Representatives for both the LSTA and Covenant Review declined to comment for this article.
In the years since the Libor rigging scandal, banks have become reluctant to submit quotes used to calculate the average, and those quotes are hypothetical and rarely reflect actual transactions. In July, the U.K. Financial Conduct Authority said that it would phase out the benchmark by 2021.
Some credit agreements provide for a fallback in case Libor is unavailable, though these were generally designed for temporary disruptions, not a permanent one, the LSTA said in a recent presentation. The agreements may call for an interpolated rate or quotes from designated banks. In the case of certain trigger events, some Libor loans covert to base-rate or prime-rate loans.
U.S. regulators have proposed a new benchmark, to be called the Broad Treasuries Repo Financing Rate, but it does not yet exist. Moreover, it is designed for the swaps market, and may not be well-suited to loans and collateralized loan obligations.
With no clear replacement rate in the offing, new loan documents cannot be drafted to accommodate a new benchmark. So the LSTA says interested parties might consider “hardwiring” credit agreements with the ability to adopt a new benchmark with less than 100% of lenders on board, according to a written summary of the webcast published on the trade group’s website.
That idea does not sit well with Covenant Review.
“We suggest that our subscribers consider resisting any provisions that would permit a replacement rate without majority consent,” the research firm stated in a report published Friday.
It warned that “money center banks have the potential ability to control the selection of replacement reference rate and significantly affect the competitive dynamics of the lending market.”

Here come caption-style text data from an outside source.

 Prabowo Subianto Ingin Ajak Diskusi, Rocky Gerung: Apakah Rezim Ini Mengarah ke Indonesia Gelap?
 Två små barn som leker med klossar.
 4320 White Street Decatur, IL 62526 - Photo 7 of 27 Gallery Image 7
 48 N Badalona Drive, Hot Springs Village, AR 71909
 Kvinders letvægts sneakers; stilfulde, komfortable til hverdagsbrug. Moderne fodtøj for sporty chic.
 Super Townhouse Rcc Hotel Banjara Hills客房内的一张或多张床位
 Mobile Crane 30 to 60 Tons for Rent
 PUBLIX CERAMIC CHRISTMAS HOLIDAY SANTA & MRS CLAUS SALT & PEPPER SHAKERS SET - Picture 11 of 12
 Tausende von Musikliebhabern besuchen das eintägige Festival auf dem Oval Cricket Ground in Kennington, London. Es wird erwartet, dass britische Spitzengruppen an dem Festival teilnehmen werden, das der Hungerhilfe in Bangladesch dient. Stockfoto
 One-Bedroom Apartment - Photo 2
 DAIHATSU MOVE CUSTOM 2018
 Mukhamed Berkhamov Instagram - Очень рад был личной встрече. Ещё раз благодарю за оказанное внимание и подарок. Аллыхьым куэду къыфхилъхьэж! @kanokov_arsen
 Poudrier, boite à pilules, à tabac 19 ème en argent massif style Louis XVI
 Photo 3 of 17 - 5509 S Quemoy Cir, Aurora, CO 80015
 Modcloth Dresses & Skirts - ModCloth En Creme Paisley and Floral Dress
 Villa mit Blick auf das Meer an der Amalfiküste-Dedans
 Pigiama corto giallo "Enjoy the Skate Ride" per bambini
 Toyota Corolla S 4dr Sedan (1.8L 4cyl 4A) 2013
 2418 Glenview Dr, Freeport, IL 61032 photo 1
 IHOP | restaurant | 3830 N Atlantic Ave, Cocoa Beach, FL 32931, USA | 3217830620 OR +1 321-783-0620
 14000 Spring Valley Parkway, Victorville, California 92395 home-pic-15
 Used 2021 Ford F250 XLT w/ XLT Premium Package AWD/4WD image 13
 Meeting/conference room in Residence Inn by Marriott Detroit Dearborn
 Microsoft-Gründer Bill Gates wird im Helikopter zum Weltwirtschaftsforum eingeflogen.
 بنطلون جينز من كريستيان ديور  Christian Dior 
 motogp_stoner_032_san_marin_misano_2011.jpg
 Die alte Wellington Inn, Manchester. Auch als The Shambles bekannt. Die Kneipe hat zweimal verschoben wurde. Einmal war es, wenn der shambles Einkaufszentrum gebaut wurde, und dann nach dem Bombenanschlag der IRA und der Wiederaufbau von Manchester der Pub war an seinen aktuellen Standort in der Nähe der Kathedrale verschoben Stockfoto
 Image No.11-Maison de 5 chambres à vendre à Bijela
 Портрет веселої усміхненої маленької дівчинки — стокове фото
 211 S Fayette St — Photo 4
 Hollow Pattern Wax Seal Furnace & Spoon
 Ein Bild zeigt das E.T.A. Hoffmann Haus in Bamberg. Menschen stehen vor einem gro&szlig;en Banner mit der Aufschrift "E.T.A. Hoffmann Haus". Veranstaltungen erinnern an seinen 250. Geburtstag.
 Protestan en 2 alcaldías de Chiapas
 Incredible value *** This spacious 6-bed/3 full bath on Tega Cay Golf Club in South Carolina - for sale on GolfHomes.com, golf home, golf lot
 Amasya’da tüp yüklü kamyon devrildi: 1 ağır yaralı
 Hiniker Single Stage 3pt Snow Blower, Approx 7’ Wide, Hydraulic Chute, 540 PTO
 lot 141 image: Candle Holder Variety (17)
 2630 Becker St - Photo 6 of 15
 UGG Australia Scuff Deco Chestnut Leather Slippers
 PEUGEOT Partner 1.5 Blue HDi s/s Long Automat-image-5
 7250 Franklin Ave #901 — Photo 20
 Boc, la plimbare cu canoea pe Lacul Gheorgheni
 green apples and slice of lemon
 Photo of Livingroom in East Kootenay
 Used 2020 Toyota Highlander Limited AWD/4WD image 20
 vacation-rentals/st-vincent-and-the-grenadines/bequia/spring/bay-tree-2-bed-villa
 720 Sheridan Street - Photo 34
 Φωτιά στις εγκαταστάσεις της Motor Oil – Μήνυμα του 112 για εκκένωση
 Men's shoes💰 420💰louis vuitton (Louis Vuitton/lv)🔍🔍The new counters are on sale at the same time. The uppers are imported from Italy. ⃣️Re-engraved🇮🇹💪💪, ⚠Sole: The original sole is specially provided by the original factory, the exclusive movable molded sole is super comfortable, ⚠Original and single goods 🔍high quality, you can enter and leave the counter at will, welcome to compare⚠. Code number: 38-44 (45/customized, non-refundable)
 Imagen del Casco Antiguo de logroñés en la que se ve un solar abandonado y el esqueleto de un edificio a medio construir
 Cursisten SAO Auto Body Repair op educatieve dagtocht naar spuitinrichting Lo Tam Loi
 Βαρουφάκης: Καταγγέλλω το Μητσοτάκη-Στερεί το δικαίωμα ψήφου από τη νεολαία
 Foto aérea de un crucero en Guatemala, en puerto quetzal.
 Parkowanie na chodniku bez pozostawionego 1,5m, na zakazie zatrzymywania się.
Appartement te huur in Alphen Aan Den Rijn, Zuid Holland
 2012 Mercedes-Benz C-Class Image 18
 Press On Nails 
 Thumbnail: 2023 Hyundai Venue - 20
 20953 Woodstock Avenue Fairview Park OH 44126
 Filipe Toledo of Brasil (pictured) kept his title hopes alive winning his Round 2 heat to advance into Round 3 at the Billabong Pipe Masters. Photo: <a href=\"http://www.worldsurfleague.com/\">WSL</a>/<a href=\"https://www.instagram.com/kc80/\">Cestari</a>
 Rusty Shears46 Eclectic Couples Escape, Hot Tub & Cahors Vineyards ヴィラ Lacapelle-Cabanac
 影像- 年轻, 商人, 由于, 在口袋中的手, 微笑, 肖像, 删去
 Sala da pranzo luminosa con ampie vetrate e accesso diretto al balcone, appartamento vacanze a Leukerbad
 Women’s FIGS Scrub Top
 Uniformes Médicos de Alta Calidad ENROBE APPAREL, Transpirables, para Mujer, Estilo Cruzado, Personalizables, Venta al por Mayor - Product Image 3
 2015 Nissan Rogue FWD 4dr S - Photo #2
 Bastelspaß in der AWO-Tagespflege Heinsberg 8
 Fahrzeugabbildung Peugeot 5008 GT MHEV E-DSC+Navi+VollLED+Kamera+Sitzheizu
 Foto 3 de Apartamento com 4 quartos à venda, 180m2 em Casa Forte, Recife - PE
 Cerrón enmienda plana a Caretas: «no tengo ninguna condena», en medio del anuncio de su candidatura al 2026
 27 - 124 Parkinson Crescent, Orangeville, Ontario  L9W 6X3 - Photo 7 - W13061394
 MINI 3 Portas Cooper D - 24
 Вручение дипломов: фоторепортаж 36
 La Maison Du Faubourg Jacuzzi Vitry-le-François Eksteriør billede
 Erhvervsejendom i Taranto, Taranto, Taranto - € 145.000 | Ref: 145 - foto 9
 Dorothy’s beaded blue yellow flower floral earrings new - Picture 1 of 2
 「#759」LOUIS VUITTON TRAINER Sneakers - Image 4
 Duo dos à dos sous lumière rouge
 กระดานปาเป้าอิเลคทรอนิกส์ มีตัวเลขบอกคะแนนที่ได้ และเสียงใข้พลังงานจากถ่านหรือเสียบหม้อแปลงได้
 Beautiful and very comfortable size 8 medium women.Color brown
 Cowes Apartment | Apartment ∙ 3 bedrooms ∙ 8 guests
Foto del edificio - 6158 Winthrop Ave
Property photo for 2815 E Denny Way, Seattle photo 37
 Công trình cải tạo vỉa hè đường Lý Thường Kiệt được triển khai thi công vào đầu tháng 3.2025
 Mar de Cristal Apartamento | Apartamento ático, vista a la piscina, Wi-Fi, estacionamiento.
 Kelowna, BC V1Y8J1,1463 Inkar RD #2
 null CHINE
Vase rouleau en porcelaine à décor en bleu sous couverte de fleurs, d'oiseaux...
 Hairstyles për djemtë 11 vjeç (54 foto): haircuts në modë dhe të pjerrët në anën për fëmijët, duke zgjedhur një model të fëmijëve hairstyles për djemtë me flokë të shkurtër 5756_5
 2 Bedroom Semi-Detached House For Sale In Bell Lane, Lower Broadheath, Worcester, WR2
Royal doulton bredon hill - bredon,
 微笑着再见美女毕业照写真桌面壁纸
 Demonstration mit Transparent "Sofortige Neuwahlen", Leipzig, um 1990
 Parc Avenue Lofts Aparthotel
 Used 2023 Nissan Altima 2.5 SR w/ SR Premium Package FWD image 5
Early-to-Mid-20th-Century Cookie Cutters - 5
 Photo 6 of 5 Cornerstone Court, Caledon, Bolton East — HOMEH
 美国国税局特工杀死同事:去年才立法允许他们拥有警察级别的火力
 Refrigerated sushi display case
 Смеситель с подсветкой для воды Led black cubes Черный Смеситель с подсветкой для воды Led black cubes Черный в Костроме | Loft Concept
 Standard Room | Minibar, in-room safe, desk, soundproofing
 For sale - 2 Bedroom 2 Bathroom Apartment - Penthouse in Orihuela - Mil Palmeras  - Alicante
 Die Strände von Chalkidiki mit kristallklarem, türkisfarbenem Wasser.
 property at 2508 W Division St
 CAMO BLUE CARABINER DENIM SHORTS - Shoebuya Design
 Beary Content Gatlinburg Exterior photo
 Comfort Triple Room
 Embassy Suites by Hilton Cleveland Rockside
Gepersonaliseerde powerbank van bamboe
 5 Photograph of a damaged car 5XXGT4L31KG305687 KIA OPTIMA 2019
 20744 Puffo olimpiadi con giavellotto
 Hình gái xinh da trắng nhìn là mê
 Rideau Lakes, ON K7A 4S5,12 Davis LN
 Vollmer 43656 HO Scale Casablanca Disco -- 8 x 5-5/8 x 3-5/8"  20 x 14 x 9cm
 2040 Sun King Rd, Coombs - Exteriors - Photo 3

The report acknowledges that it may not be possible to know whether a new benchmark would result in a lower interest rate. Nevertheless, analysts at the firm argue that “if a replacement reference rate could potentially result in a lower interest rate, then a good argument exists that an amendment to replace Libor with a new reference rate would require unanimous approval.”
Covenant Review also warned its clients that they should not assume that any rate proposed by the Alternative Reference Rates Committee, established by regulators to find a Libor replacement, will be suitable for U.S. loans. It noted that the committee is focused on a rate that is appropriate for over-the-counter swaps, not loans, and that the committee’s members are banks. There are a handful of institutional lenders in an advisory group, but they merely provide feedback.
“We think institutional lenders should get a seat at the main table in any discussion of replacement reference rates,” the report states. “We do not think that the interest of money center banks and institutional investors are aligned on this issue. The control of AARC by money center banks, together with a majority consent provision to select a replacement rate increases the potential for mischief.”
Covenant Review also pointed to a potential “escape clause” for investors, known as the “yank a bank” provision, which permits the borrower to replace any objecting lender in connection with an amendment requiring unanimous or “affected lender” consent. The dissenters would get their principal back, but they’d have to put it to work somewhere else.